2. Both parties have new leaders who have never debated before
Since the last political debate, both parties have change leaders. In the PN’s case, this happened twice over. Prime Minister Robert Abela never agreed to a debate with Delia and he seems to be shying away from one with his replacement Bernard Grech. What’s more worrying is that even Grech seems to be reluctant now, even though he insisted on putting his name forward as PN leader despite having no political experience. Ironically, Grech became a favourite to replace Delia because of his debating skills honed throughout the years on Xarabank. So why hasn’t he accepted the invitation yet? What is he afraid of?
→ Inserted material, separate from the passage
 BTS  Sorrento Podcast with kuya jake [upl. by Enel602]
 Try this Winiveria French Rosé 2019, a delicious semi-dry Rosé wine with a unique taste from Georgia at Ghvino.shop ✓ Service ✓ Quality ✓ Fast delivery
3. Both leaders need to train themselves in debates before an election is called
What both leaders should be afraid of is continuing this status quo where they rarely get to test their debating skills. There are rumours of an election being called early next year, so this is a great time for them to train and sharpen their skills. Christmas won’t be a great time for a political debate but delaying until the New Year could be too late. This is the time both leaders can get used to each other’s debating style and improve their performance closer to an election. Unless they plan on dodging debates even during an election campaign, which would be more disconcerting.
4. We need our leaders to be challenged on the Covid-19 pandemic and its economic implications
If nothing else, Malta urgently needs a debate on the handling of the Covid-19 pandemic. The country seemed to handle the first wave very well, but as the second wave escalates to record numbers, people are worried – and they’re right to be. Deaths are rising, tourism has ground to a halt, our economy is suffering and the only political direction seems to be coming in the form of Tweets and controlled interviews on party stations. Why aren’t our leaders ready to challenge each other on their proposed directions? We deserve to know their thought processes.
5. We need a discussion on issues like immigration, abortion, corruption, cannabis legalisation and controversial land deals
One advantage of political debates is that it gives voters the chance to see politicians actually discuss policy and make side-by-side comparisons. It’s easy for our political discourse to be taken up by nasty tit-for-tat comments about matters that interest the political leaders. But what about the issues that voters care about? Shouldn’t we see how our leaders compare on controversial issues that voters are discussing in their homes?
6. Debates are a fundamental aspect of democracy and crucial to informing voters
Debates aren’t optional in a democracy. They’re a fundamental aspect of it and they help to ensure accountability. They also give voters the chance to make informed choices on those vying for the same position. Debates are important because they focus on policy but they also inform voters on other matters, such as the character traits and temperament of politicians. How do they respond when they’re caught off-guard? How do they treat their opponent? These things matter to voters because they show us what politicians are like when they’re debating issues behind closed doors.
7. Appearing on political media to preach to the converted isn’t an alternative
It’s bad enough that Malta is the only country in Europe where political parties own the major broadcasting stations. When political leaders insist on only appearing on their own stations they end up preaching to the converted and avoiding the tough questions. But crucially, they avoid each other. A debate would counteract this and give people the chance to watch a discussion that isn’t controlled by one party or the other.
8. After such a drawn-out tense political climate, we need to see the leaders treat each other with respect
Malta’s political climate has been terribly tense since the Panama Papers hit in 2016. Things got worse when Daphne Caruana Galizia was assassinated and they reached a head late last year when the investigation began pointing directly at the Office of the Prime Minister. After several high-profile resignations, things have begun to settle down, but with two new leaders in charge, the country needs a civil debate. Voters need to see our leaders can engage in a respectful debate. The longer we hide from debates, the more we prolong this period of mistrust and cynicism.